NLP入门第一步：6种独特的数据标记方式你是否对互联网上大量可用的文本数据量着迷？你是否正在寻找使用该文本数据的方法，但

全文共10818字，预计学习时长21分钟

你是否对互联网上大量可用的文本数据量着迷？你是否正在寻找使用该文本数据的方法，但不知道从何下手？毕竟，机器只能识别数字，而不是人类语言中的字母。在机器学习中，这是亟待解决的棘手问题。

那么如何操纵和清理这些文本数据来构建模型呢？答案就在自然语言处理（NLP）的奇妙世界里。

解决NLP问题是一个多阶段的过程。在考虑进入建模阶段之前，需要先清理非结构化文本数据。清理数据包括以下几个关键步骤：

• 词标记（也称分词）

• 预测每个token的词性

• 文本词形还原

• 识别和删除停用词等等

本文将讨论第一步——标记。首先看看什么是标记以及NLP中需要标记的原因，并了解在Python中标记数据的六种独特方法。
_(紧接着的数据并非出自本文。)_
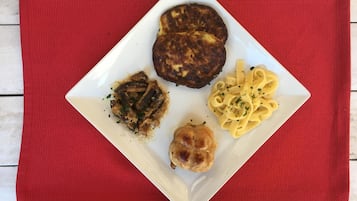 A white plate with food on a red placemat.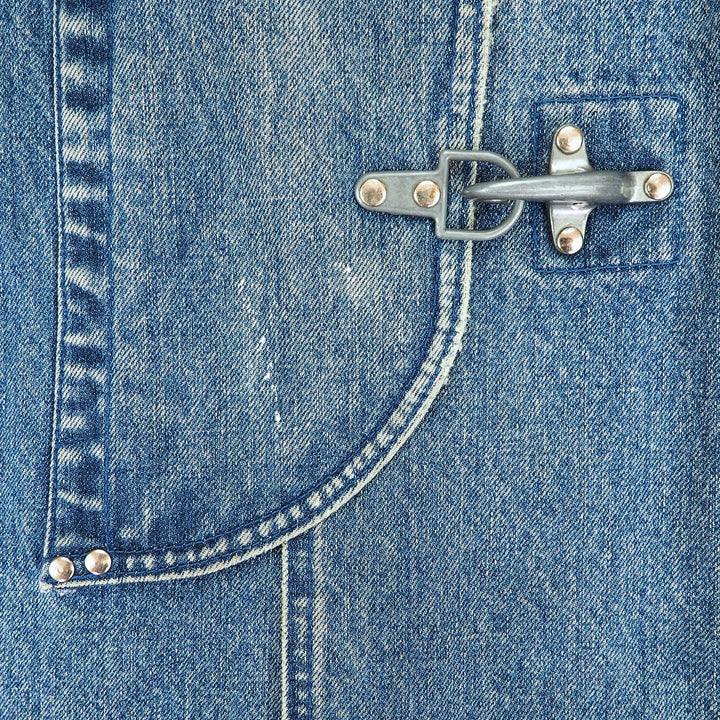 Close-up of a blue denim garment featuring a curved pocket with silver-toned metal snap buttons and a metal toggle clasp.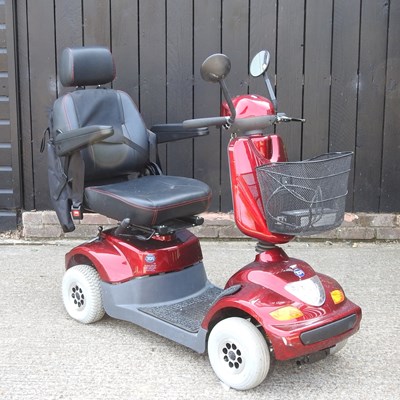 Lot 332 - A red TGA electric mobility scooter, with charger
本文不设前提条件，任何对NLP或数据科学感兴趣的人都能上手。

1. NLP中的标记指的是什么？

2. 为什么NLP中需要标记？

3. 在Python中执行标记的不同方法

3.1 使用Python split()函数进行标记

3.2 使用正则表达式进行标记

3.3 使用NLTK进行标记

3.4 使用Spacy进行标记

3.5 使用Keras进行标记

3.6 使用Gensim进行标记

1. NLP中的标记指的是什么？

在处理文本数据时，标记是最常见的任务之一。但“标记”一词究竟意味着什么呢？

标记实质上是将句子、段落或整个文本文档分成较小的单元，例如单个单词或术语。每一个较小的单元都称为“token”。

通过下面图像，可以更直观地了解该定义：

token可以是单词、数字或标点符号。在分词中，通过定位词边界来创建较小的单元。那么词边界是什么？

词边界是一个单词的结束点和下一个单词的开头。这些token被认为是词干化和词形还原的第一步。

2. 为什么NLP中需要标记？

在此应考虑一下英语语言的特性。说出能想到的任何句子，并在阅读本节时牢记这一点。这有助于用更简单的方式理解标记的重要性。

处理文本数据之前需要识别构成一串字符的单词，因此标记是继续使用NLP（文本数据）的最基本步骤。这很重要，因为通过分析文本中的单词可以很容易地解释文本。

举个例子，思考以下字符串：

“This is a cat.”

在标记该字符串后会发生什么？可得到['This'，'is'，'a'，cat']。

这样做有很多用途，可以使用这种标记形式：

• 计算文本中的单词数

• 计算单词的频率，即特定单词的出现次数

除此之外，还可以提取更多信息。现在，是时候深入了解在NLP中标记数据的不同方法。

3. 在Python中标记的方法

本文介绍了标记文本数据的六种独特方式，并为每种方法提供了Python代码，仅供参考。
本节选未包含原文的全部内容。